Yesterday, on Facebook, someone asked me what I thought about bellydancers who advertise themselves as exotic dancers and perform in nightclubs alongside pole dancers or strippers.  The questioner pointed out that, by doing so, they are perpetuating the perception of bellydance as a sleazy activity, rather than a serious dance form. I think it’s a fascinating question and one that goes right to the heart of how bellydance is viewed.

These days most professional bellydancers want to be seen as serious dancers - as artists. They want people to understand that bellydance is an ancient dance form with its roots in the folk culture of the Middle East. That it's a richly textured and challenging dance which deserves to have a place alongside Western mainstream styles such as jazz or hip hop. And I’m one of them. I want bellydance to be appreciated by a far wider public as the beautiful, rich and fascinating dance form that it is. I want to hold my head up high amongst the ballet and West End dancers and choreographers and I want aspiring bellydance professionals to undergo the type of tough physical training that those dancers have always expected, so that we can be the very best performers possible.

So, in the light of the question I was asked yesterday, I look back at that 24 year old girl, undulating on the floor in front of a shocked advertising executive and I wonder what I think of her.

Well, firstly I have to say that I was just doing what I had seen Syrian and Palestinian dancers doing in the Arab nightclubs in London (see blog post here).

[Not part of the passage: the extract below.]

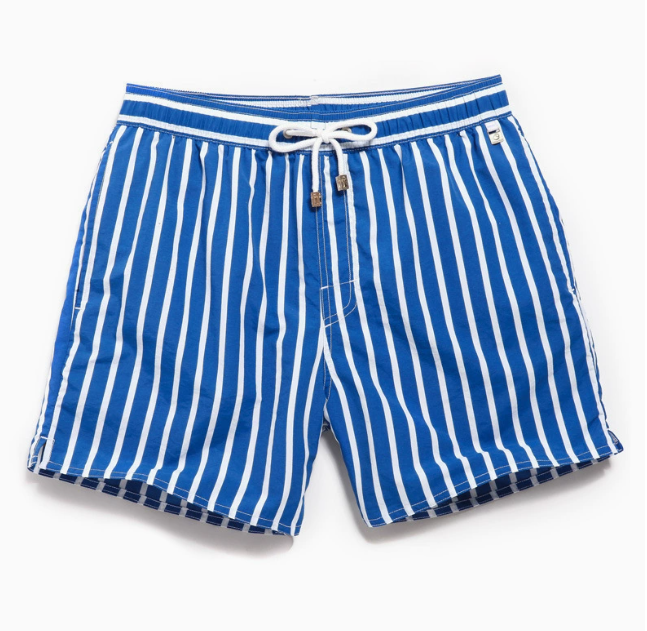 Men's Striped Drawstring Swim Shorts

In those performances there was a lot of jumping up in the air and dropping to the floor to shiver and undulate. And in front of a large crowd of Arab men too. Men who would most certainly have assumed those dancers were prostitutes.

Those of us who bellydance in the West have to accept that in the Arab world, bellydancers are considered to be prostitutes. And truthfully, many of them are. At the very least, they are behaving in a way that is far outside social norms. Bellydance has never been something that nice Arabic girls do in public. It’s true that Arab girls absolutely love to dance and will almost certainly dance at home with their female friends. But in public? No. If a Muslim woman dances in public in front of of a mixed audience she is believed to be the very worst kind of woman. And in countries like Egypt, professional bellydancers have to live with the shame of knowing that what they do is considered wicked by the majority of society.

So in trying to promote bellydance as a high art, we in the West are being revisionist. We are trying to create a bellydance culture that feels acceptable to us, that we can be proud of. There is nothing wrong with trying to change the way that bellydance is viewed, but we can’t hide from the fact that ‘exotic dancer’ is exactly what bellydancers traditionally were.

I also have to look back at my younger self and admit that I was fascinated by the sexual sub-culture of London. I was thrilled to be part of it, to walk around Soho at night and feel that, as a bellydancer I belonged to that dark, slightly dangerous underworld. I’ve always loved the ‘other’ in society - the exotic, the experimental, the people who push at the boundaries.

Of course in a perfect world I’d also love bellydance to be accepted by mainstream society, for people not to look down on the dance I make my living from. But I also rather like the fact that when I say I’m a bellydancer I know I’m immediately interesting to most people. I’m different and, yes, exotic. And I know that many of my students feel the same. It’s a giggle to tell people at drinks parties that you are a bellydancer.

Indeed, I’m prepared to guess that for many of us in the West, the exoticism and slightly risqué reputation is one of the things that drew us to bellydance in the first place. There’s something excitingly naughty for many women in learning to bellydance and I think we should accept that. Even embrace it.

That doesn’t mean of course, that we can’t disapprove of certain things. It’s everyone’s prerogative to dislike and, yes, disapprove. Personally I don’t like heavily sexualised bellydancing. I don't like seeing loads of chest bumps in a dance and I can’t abide a pouty face or a floor hump. And don't get me started on the dancers who shake their breasts or backsides in men's faces! But even if I don't like it, I don’t want to shut that dancing down, just as I don’t want to stop ‘commercial’ R & B dancing on music videos, even though I personally dislike it. Instead I want to create something that in my mind is ‘better’ and put it out there in the hope that people will love it and choose it over the other.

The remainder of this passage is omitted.